**Task instructions:** Word for word, write the lines below out again, with no pictures.

**Dataset content:**
****************************************

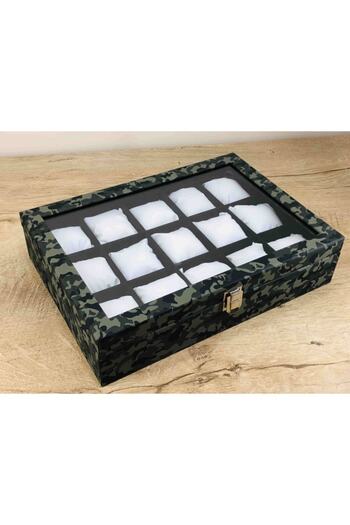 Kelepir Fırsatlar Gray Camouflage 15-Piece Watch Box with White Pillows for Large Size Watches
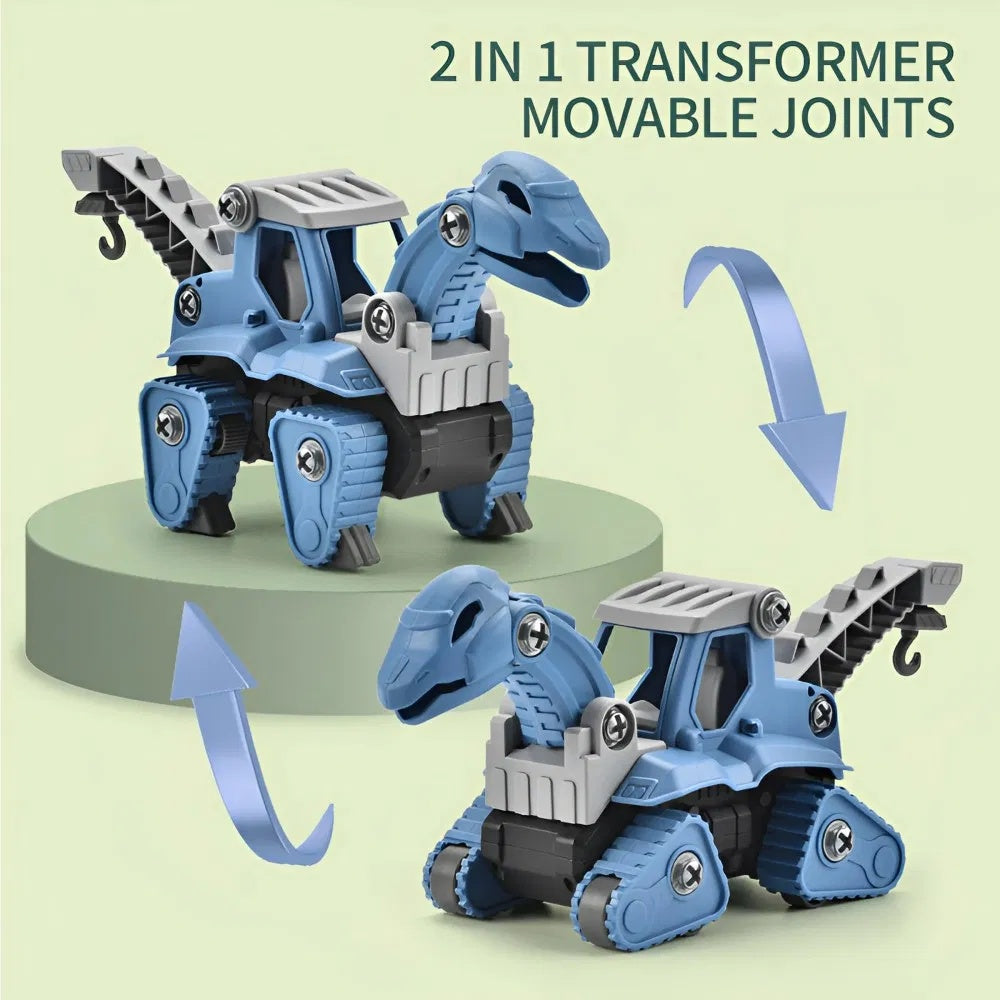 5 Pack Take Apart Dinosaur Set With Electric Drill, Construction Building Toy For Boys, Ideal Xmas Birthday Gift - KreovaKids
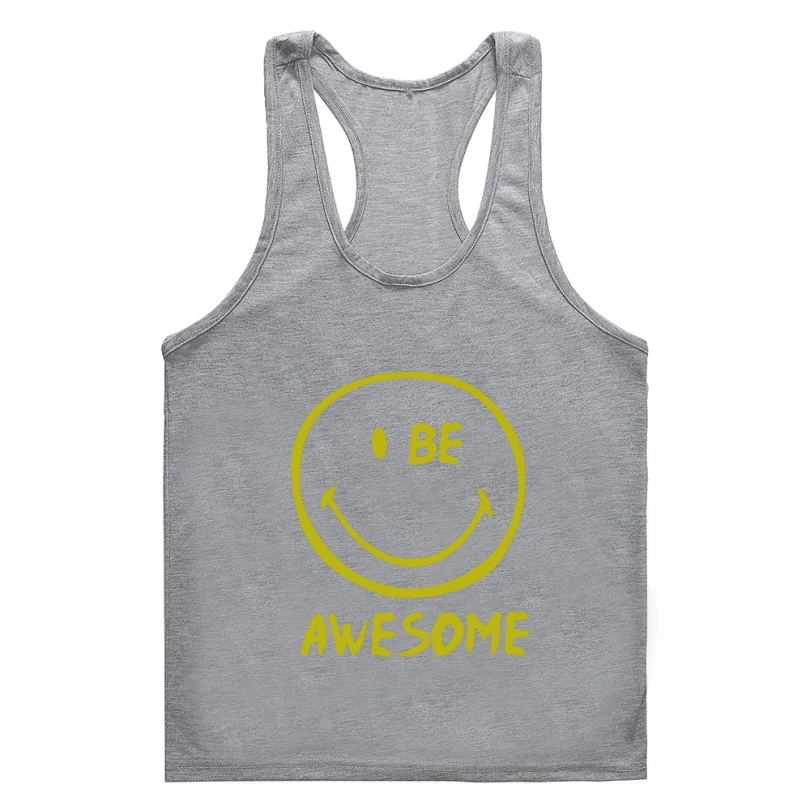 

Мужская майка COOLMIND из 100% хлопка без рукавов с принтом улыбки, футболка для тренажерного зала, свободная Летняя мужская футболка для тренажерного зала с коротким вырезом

****************************************

**Expected output:**
 Kelepir Fırsatlar Gray Camouflage 15-Piece Watch Box with White Pillows for Large Size Watches
 5 Pack Take Apart Dinosaur Set With Electric Drill, Construction Building Toy For Boys, Ideal Xmas Birthday Gift - KreovaKids

Мужская майка COOLMIND из 100% хлопка без рукавов с принтом улыбки, футболка для тренажерного зала, свободная Летняя мужская футболка для тренажерного зала с коротким вырезом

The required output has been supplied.